II. Les maquettes de procession.
Rien n'indique qu'il s'agisse d'ex-voto proprement dit (des oeuvres réalisées après la réalisation d'un voeu, ou par les rescapés d'un naufrage), et les deux maquettes de thoniers ont plutôt été données à la paroisse pour être portées en procession lors des fêtes religieuses ou du pardon pour honorer le passé maritime de l'île et pour protéger les marins et leur flottille.
1. Le Stiren ar Mor Gx 3287 (Étoile de la Mer)
Dundee thonier de 45,95 Tx construit aux Sables d'Olonnes en 1927 pour Groix. Première immatriculation G 1631 puis LGX 3287. Fin de carrière en 1943, Concarneau 2987. Il n'a donc pas pu, sauf erreur, naviguer sous les lettres GX instituées en 1946. Maquette de Mr Louis Charles Gueran en 1991, don à la paroisse.
La réalisation est soigneuse, comme on pouvait s'y attendre, et on remarque des détails comme les deux bandes de ris de la trinquette et de la voile de tapecul. Les voiles de tissu rouge rappellent que les marins passaient leur voile de travail au tan, poudre d'écorce de chêne, pour leur conférer une meilleure résistance ; souvent, seules les voiles de régate étaient blanches.
Ce type de voilier de travail est nommé dundee (prononcer dindé) non en raison du port d'Ecosse, mais par francisation d'un terme anglais assez flatteur, dandy (élégant) par lequel les britanniques désignaient ce nouveau gréement apparu vers 1860. Ce sont des cotres à tapecul, mais dont la voile du mât arrière (d'artimon, de tapecul) voit son écoute renvoyée non pas à l'extrémité d'une bôme articulée sur le mât, comme sur d'autres yawls, mais à celle d'une "queue de malet", espar fixe dépassant à l'arrière du navire. Cette queue de malet, qui se retrouve aussi sur les lougres qui ont précédés les dundees, est donc caractéristique. Pour les profanes, c'est le bout de bois qui dépasse tout en arrière, sous la voile.
2. Dundee thonier :
Sans matricule, mais d'allure plus ancienne. On note trois voiles d'avant.
III. Les statues.
Je me contenterai de montrer celle de sainte Bernadette.
IV. Les vitraux.
On trouve deux ensembles de vitraux : ceux réalisés en 1976 par Pierre du Vorsent, maître-verrier de Lorient qui a réalisé aussi, entre-autres, ceux de la chapelle St-Léonard à Ploemeur en 1980 ou ceux de Locmiquelic en 1970, et d'autres, plus anciens, assez typiques de la première moitié du XXe siècle, dont j'ignore l'auteur.

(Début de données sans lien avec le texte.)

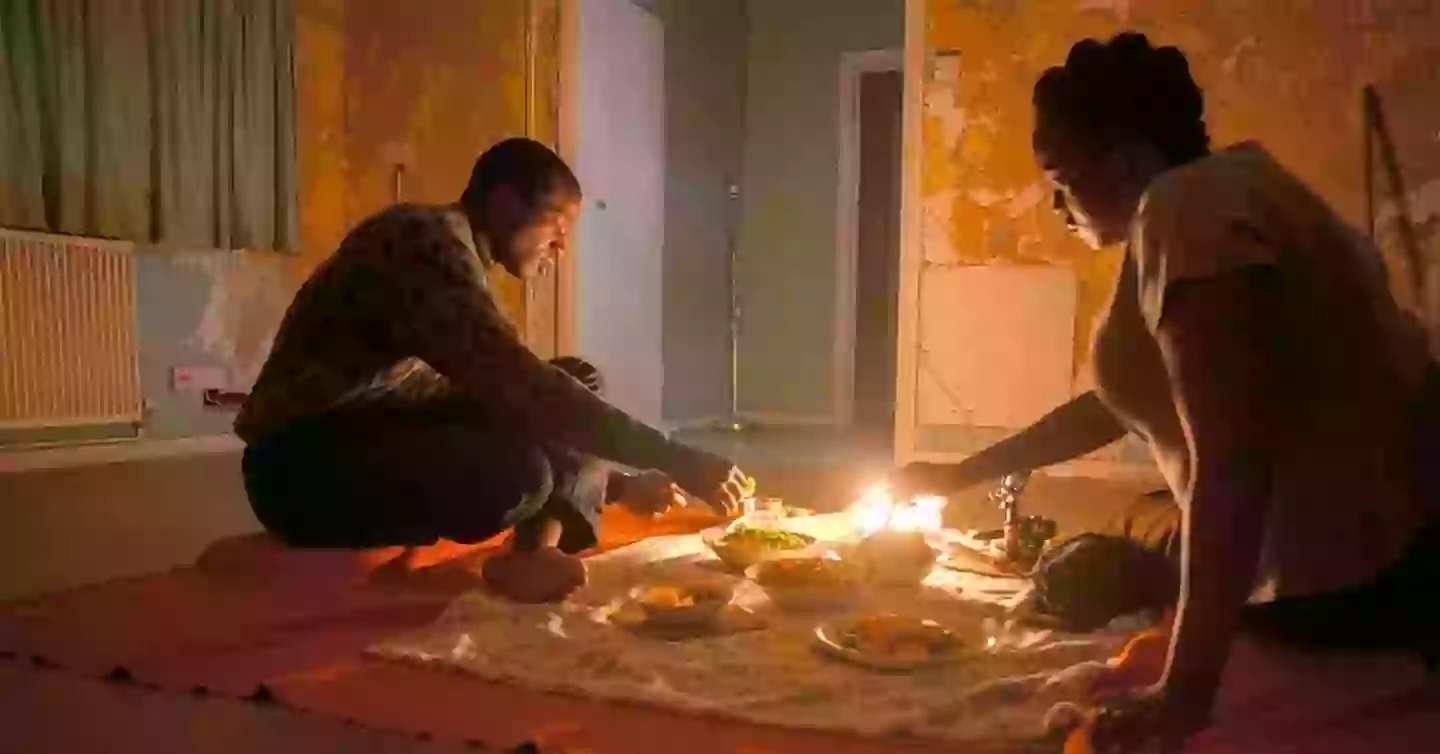 His House has a perfect 100 percent score on Rotten Tomatoes (Netflix)
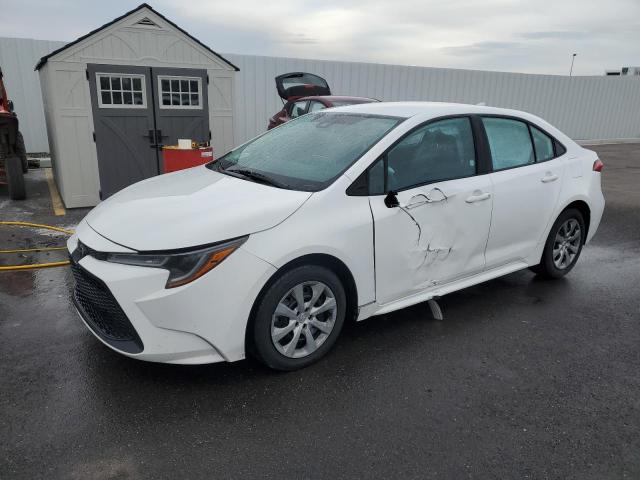  TOYOTA COROLLA 2021 White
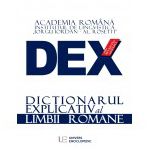 Dictionarul explicativ al limbii romane - editia 2016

Vitrail de l'apparition de la Vierge à Bernadette Soubirou en 1858 dans la grotte de Massabielle à Lourdes :
La Vierge prononce la phrase Je suis l'immaculée-Conception,mais c'est en réalité en patois qu'elle s'est adressée à Bernadette en disant "Que soy era Immaculata Councepciou".
Le culte rendu à Groix à la Vierge de Lourdes est manifeste, puisque la chapelle sud lui est consacrée (voir "statues").
Vitrail de la pêche miraculeuse.
qui a tout-à-fait sa place dans cette paroisse de marins-pêcheurs qui , avec une flottille de près de 300 thoniers en 1914, a connu un développement économique exceptionnel grâce à la pêche du thon et de la sardine.
V. Les autres éléments remarquables.
1. Réuni dans la chapelle des fonds baptismaux désormais vitrée, un "trésor de sacristie" est constitué d'éléments d'orfèvrerie, de paramentique et d'objets du culte.
Moule à hostie (ou "fer à hostie"):
On distingue les motifs gravées sur le pain azyme , dont le Christ en croix entouré du monogramme IHS. Après cuisson sur un feu clair, on les découpait au rondeau. Elles étaient fabriquées par les Clarisses et les Carmélites, mais le presbytère disposait peut-être d'un fer?
Vitrine avec la barrette du recteur.
Ostensoir à six médaillons et encensoirs:
Burettes :
présentées par l'enfant de choeur, elles serviront à trois reprises lors de l'office, notamment pour que le prêtre se lave les mains lors du "lavabo", du nom de l'extrait du psaume 25 qu'il prononce alors (lavabo inter innocentes manus meas et circumdabo altare tuum domine, "je laverai mes mains en signe d'innocence pour approcher de ton autel Seigneur").
Bannières :
Bannière de la paroisse, ou envers d'une bannière de Jeanne d'Arc, puisque la formule "De par le Roy du ciel" est la devise de Jeanne d'Arc, et que les motifs de l'épée, de la couronne et des rameaux de chêne (et d'olivier ?) lui sont propres.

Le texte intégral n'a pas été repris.